The simulation is performed in a task-switch context. Every time a miss occurs, the period is extended to 3.5 cycles. When a task switch occurs, the entire data and instruction cache are invalidated and this incurs in extra stall cycles (1 cycle per cache line). Furthermore, the dirty lines present in the cache are flushed and updated in the memory. It is possible to use the profiler in order to obtain information on the number of dirty lines present in the cache when a task-switch occurs. The number of number dirty lines in a task-switch shows that approximately 70% of the data cache lines have to be flushed.

In the first simulation the task switch occurs every 1 Mcycles of execution time (cpu cycles + stall cycles), The DSP miss rate is 1.9%. In the second simulation The task switch occurs every 1 Mcycles of execution time (cpu cycles + stall cycles), The DSP miss rate is 3.5%. This is the result of the cache cold starts (i.e. the cache is empty), the tasks have to be initialized each time a task-switch occurs and this as impact in the cache miss rate. *Figure 17* shows the result.
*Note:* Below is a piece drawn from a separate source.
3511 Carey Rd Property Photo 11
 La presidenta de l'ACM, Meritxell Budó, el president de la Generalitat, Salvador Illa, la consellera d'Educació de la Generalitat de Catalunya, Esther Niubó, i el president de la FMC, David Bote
Figure 17 – Task-switching simulation as function of execution time

There is a problem in this simulation that affects its accuracy. In order to perform this simulation, the trace files were concatenated in order to have longer duration (1M cycles execution time), which means that the same data is being used. Still there are important details that are illustratable from *Figure 62*. Notable are the peaks when a task switch occurs and the fluctuation of the miss rate during the execution of the tasks.

It is clear that the effect on the miss rate is small for a budget period of 5ms, which is proven to have no significant impact on the miss rate value. If the budget for each task decreases, the miss rate will increase as a consequence of more frequent cold starts.

In Round Robin the approach is at a frame granule level. The tasks may be chosen to execute once or more, for example task one may execute 2 times while task 2 executes just once, or the opposite. The approach is easier and the controlling task just needs to verify if the tasks have the necessary requirements to execute. The execution will stop when a process routine has finished executing the number of times that was predetermined to run.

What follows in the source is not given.